EXERCISE REQUIREMENTS: Each line, starting at the one with "CBD Green apple gummy rings 50mg" and running to the end of the data below, is to be set down again exactly, both ends included; leave pictures out.

EXERCISE INPUTS:

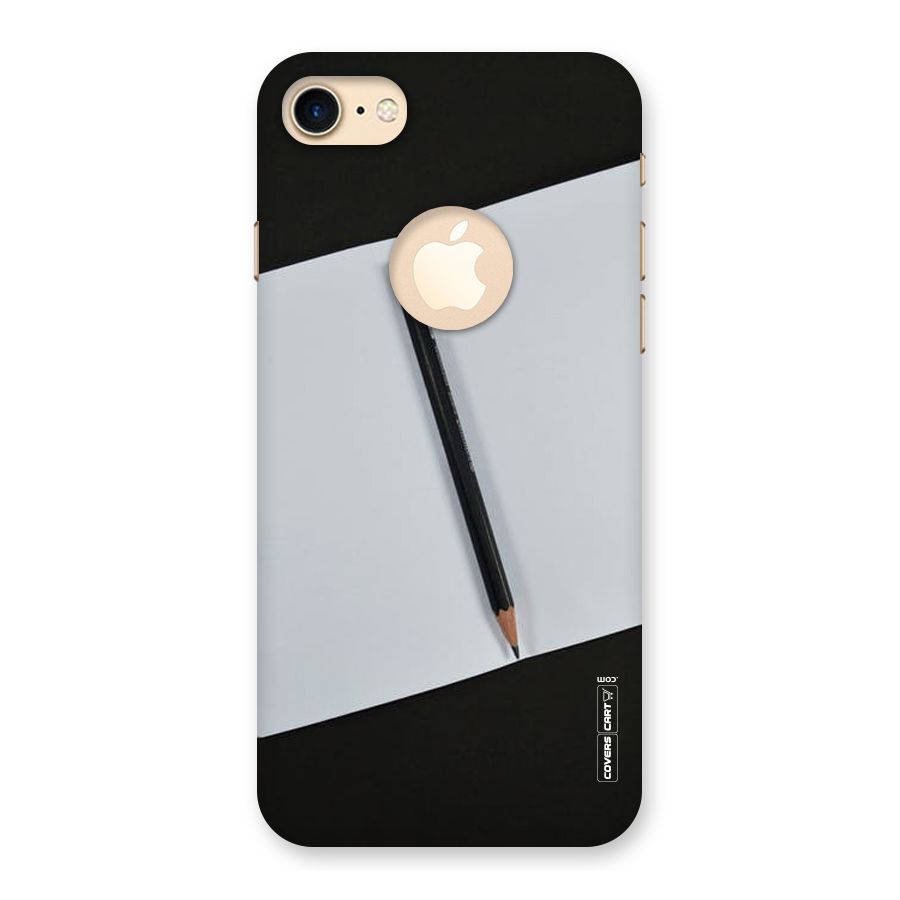 Write Your Thoughts Back Case for iPhone 7 Logo Cut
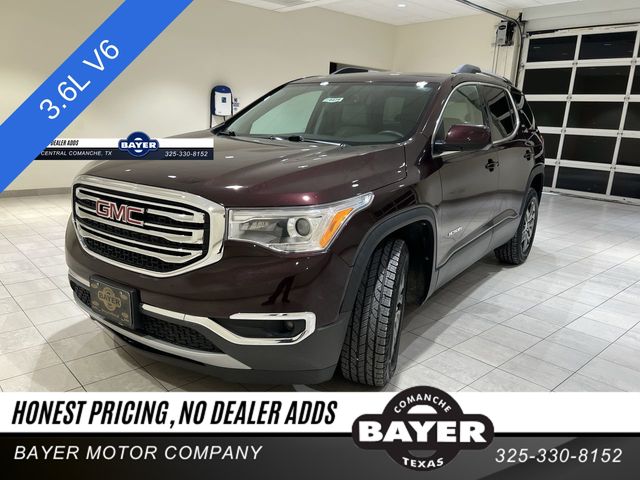 Black Cherry Metallic 2017 GMC Acadia SLT-1 FWD SUV / Crossover Front-Wheel Drive 6-Speed Automatic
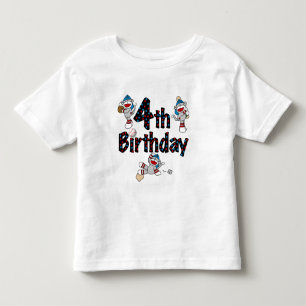 Camiseta Aniversário do 4º Monkey Sock Baseball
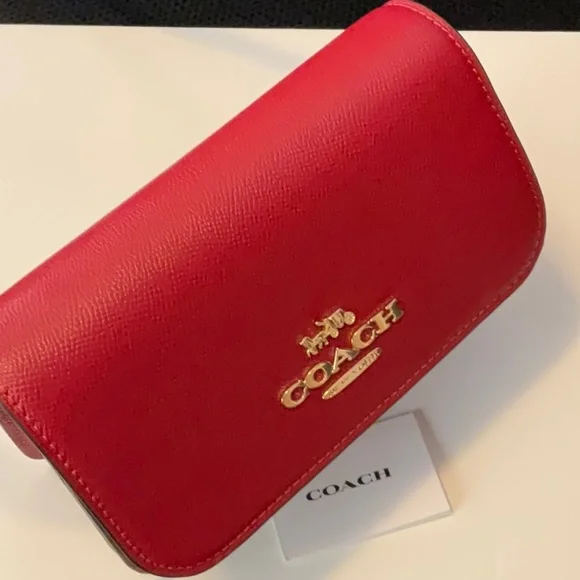 Authentic Coach Red Shoulder/Crossbody Bag - Picture 7 of 16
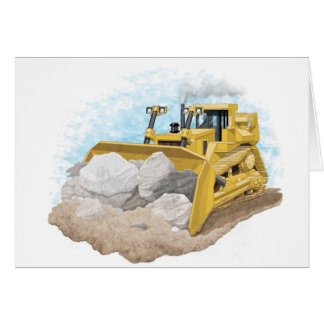 Kinder Bulldozer Card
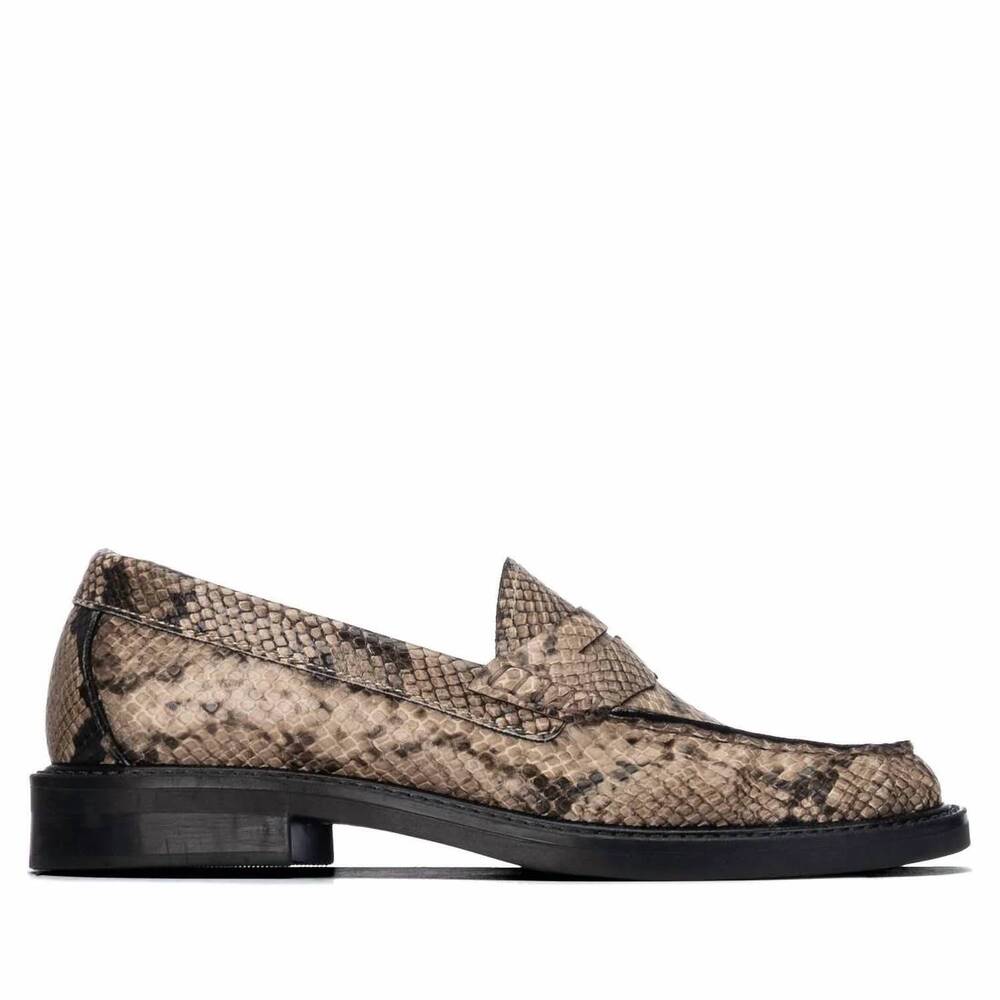 NEW XTI women's casual moccasins in snake
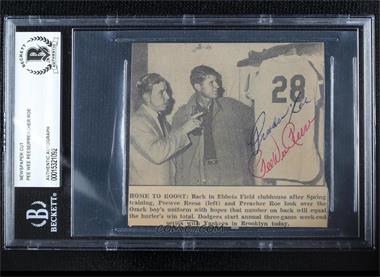 1900-Present Authenticated Autographs - Cut Signatures/Notecards/Photographs #_PRPR - Pee Wee Reese, Preacher Roe [BAS BGS Authentic]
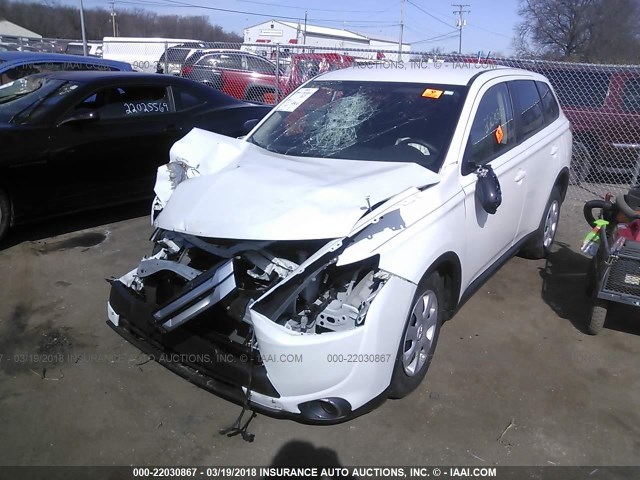 JA4AD2A34FZ013829 - 2015 MITSUBISHI OUTLANDER ES 白色 照片 2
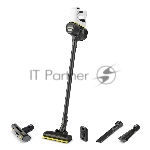 Пылесос вертикальный Karcher VC 4 Cordless myHome Pet черный/белый, питание от аккумулятора, 140 Вт, уборка сухая, пылесборник 0.65 л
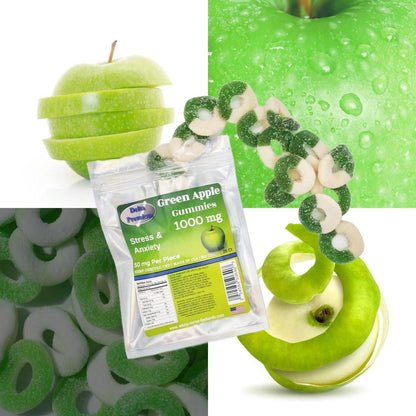 CBD Green apple gummy rings 50mg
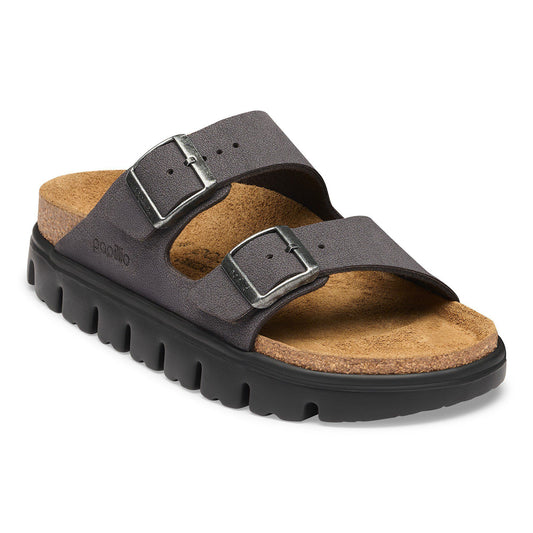 Arizona Chunky Birkibuc in Color Velvet Gray | Birkenstock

OUTPUT:
 CBD Green apple gummy rings 50mg
 Arizona Chunky Birkibuc in Color Velvet Gray | Birkenstock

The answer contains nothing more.